Although we cannot definitively point the finger at who was behind it all, the declining box-office totals for many African-American films during the mid-to-late nineties was a direct result of bootlegging and we can be certain that specific African-American films that have been Externally Bootlegged before their theatrical release is evidence of “insider” tampering with product that reveals the “bad faith” of those who were supposed to be guarding the content instead of aiding and abetting its theft and piracy. Internal Bootlegging reveals that the declining box office totals for African-American films may not have been a consequence of the quality, subject matter, form and genre of the films, but instead a consequence of “bootlegs” becoming a status symbol within the African-American community and White controlled Hollywood’s ineffectual response with regard to how bootlegging was reducing the domestic box office of African-American films which is the sole box office that African-American films are allowed to be sold. What we have to always remember is that at the end of the day it is not just about money, it is about power and control over our ability to represent ourselves in the cinema.
(1)Although there are a number of wealthy African-American filmmakers and media moguls, wealth in and of itself is not power; wealth is only one aspect that can be gained or lost by the consequences of power.

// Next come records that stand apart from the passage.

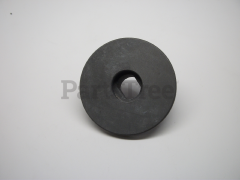 RedMax 532172516 Bearing Cover - image 2
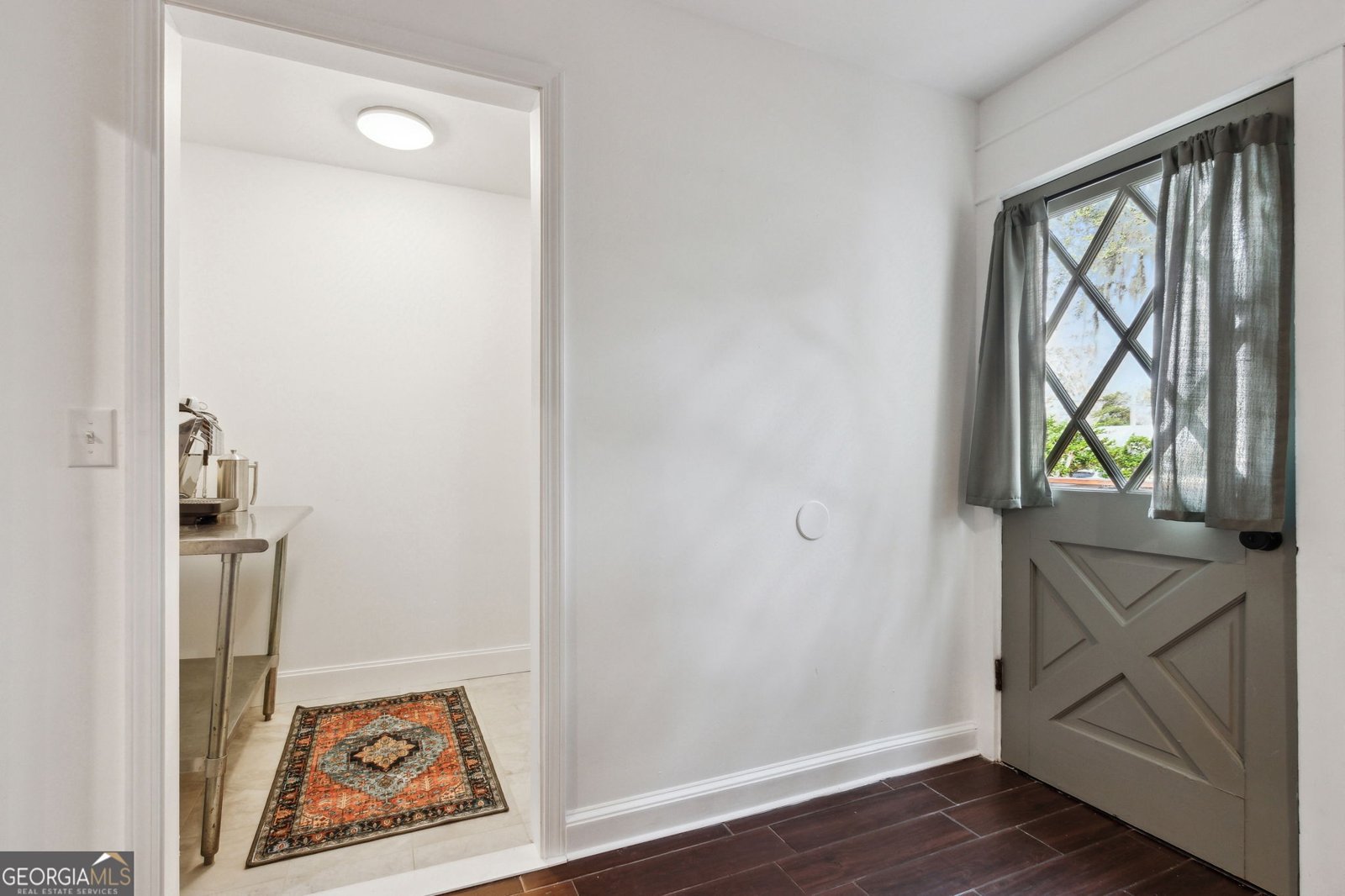 208 Bishop Circle St. Marys - 53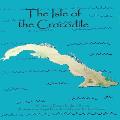 The Isle of the Crocodile
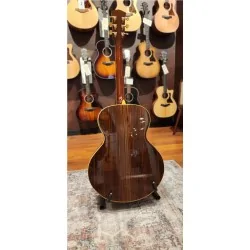 Cort NTL50 - Occasion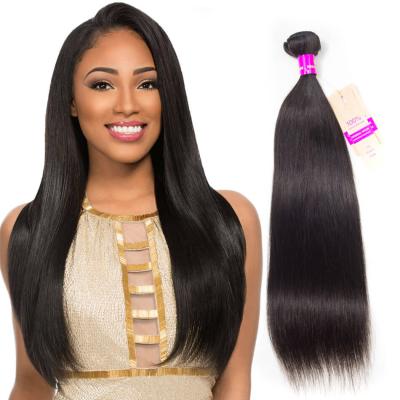 China Can be changed the design to any texture as you like Grade 7A Silky Straight Bone Mink Wholesale Cheap Raw Brazilian Peruvian Cambodian Vietmese Hair Extension Weaves Bundle for sale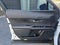 2023 Lexus UX 250h F SPORT Handling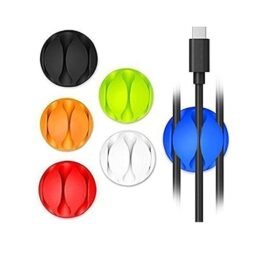 Newest-Colorful-Cable
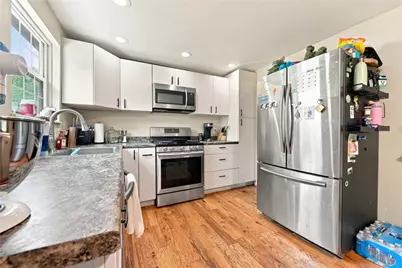 428 Route 356, Washington Township, PA 15613 - Photo 5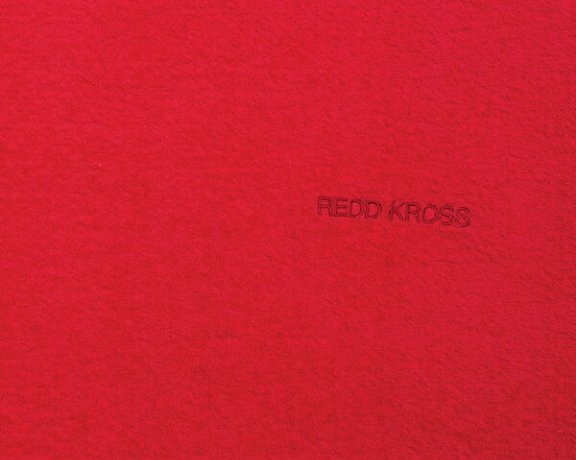 Redd Kross – Redd Kross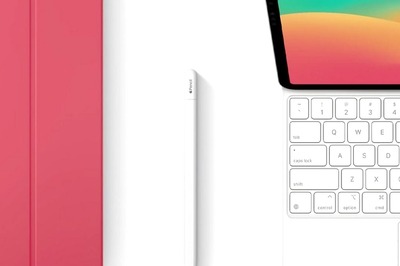 Apple Pencil With USB-C Is Not A Replacement For The Second-Gen Model: Here's Why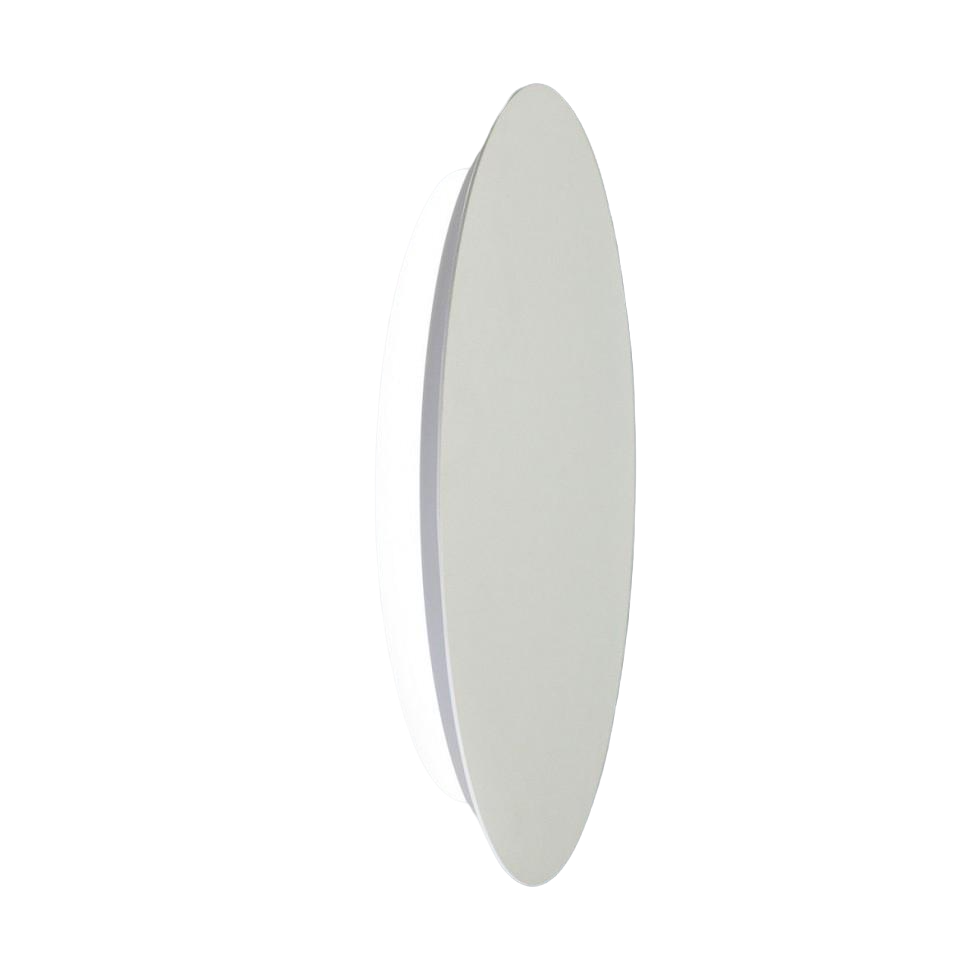 Бра Imperium Light Mushroom Led D42 3000 K WH 263142.01.91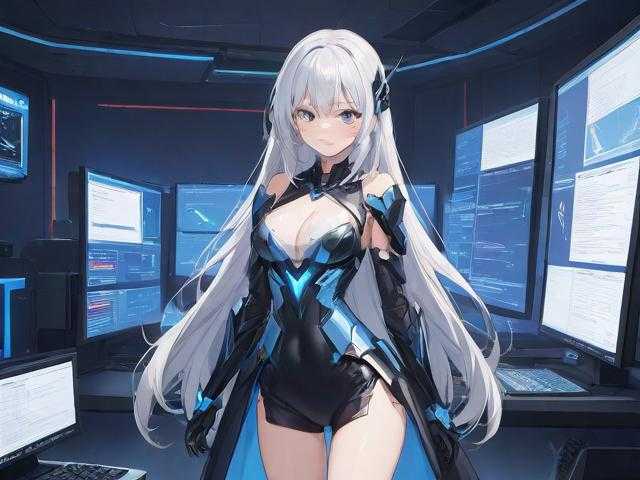 2025年深度体验 AKABEiSOFT2游戏验证系统的革新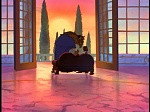 Belle's Magical World picture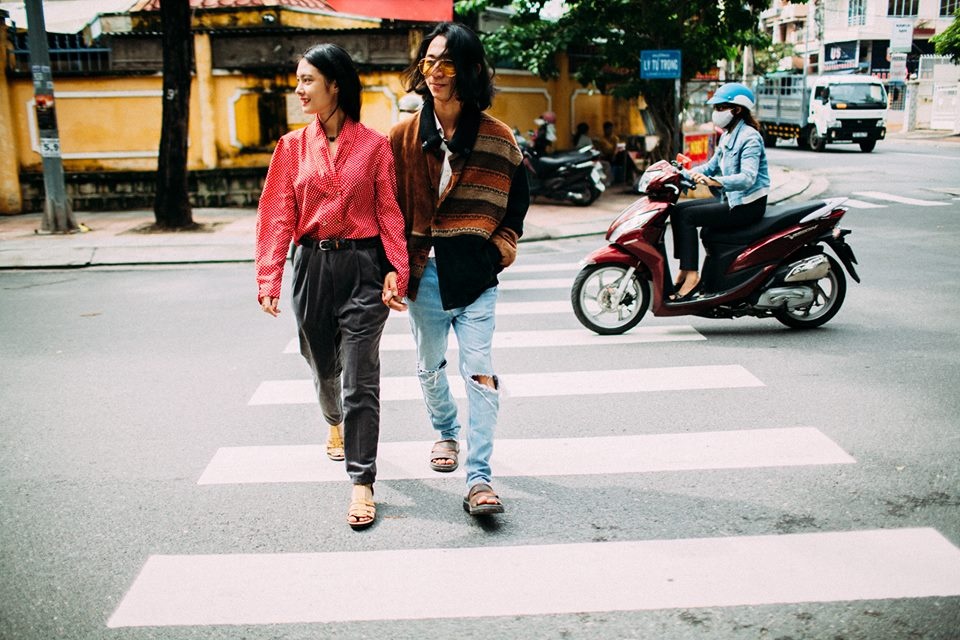 anh cuoi hoai co anh 9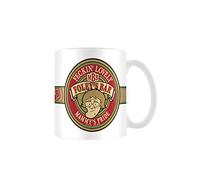 Mrs Browns Boys (Foley's Bar) Mug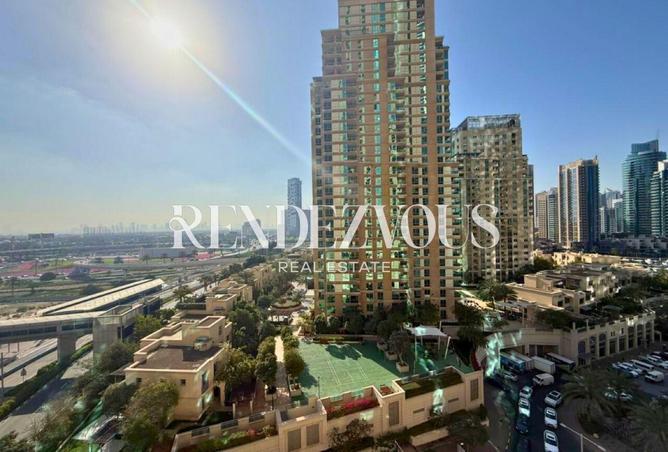 65961669 - Property Main Image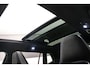 Volkswagen Tiguan R-Line Edition 1.5 TSI eHybrid 204pk DSG Automaat Trekhaak, Black style, Panoramadak, Adaptive cruise control, Achteruitrijcamera, Elektrische achterklep, LED koplampen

African-Americans lack the power to distribute films theatrically on an equal number of screens domestic and foreign as White American films produced by the American Entertainment Complex.
(2) All foreign and domestic box office gross numbers are taken from www.boxoffice.mojo.com
(3) See the Shadow & Act article “Nia Long on “Love Jones” Sequel “We’ve Been Talking About it” (Do You Want to See It) by Tambey, March 19, 2010. http://blogs.indiewire.com/shadowandact/nia-long-on-love-jones-sequel-weve-been-talking-about-it-do-…
(4) From the article,”Around the World Round-up: “The Avengers” assemble 185.1 million overseas debut”, by Ray Subers. www.boxofficemojo.com, April 29th 2012.
(5) Starting with a single White investor’s lack of faith that led to the demise of Black owned The Lincoln Motion Picture company in 1921, to the F.B.I.’s attempts to block the production of Jules Dassin’s film UPTIGHT in 1968 and later the deliberate F.B.I. involvement in the suppression of Ivan Dixon’s THE SPOOK WHO SAT BY THE DOOR (1973) the very existence of African-American films has always been “troubling” to the White controlled entertainment industry and the United States government. The post-Civil Rights scrutiny of African-American films is centered on the ability to control the content and form of the films through a profit driven rationale that discriminates against African-American filmmakers by not allowing their films access to foreign markets and not zealously attempting to curtail External Bootlegging of Screener Copies of African-American films. See: Redefining Black Film by Mark A. Reid, pages 13-19 and Forgeries of Memory and Meaning by Cedric J. Robinson, pages 225-271.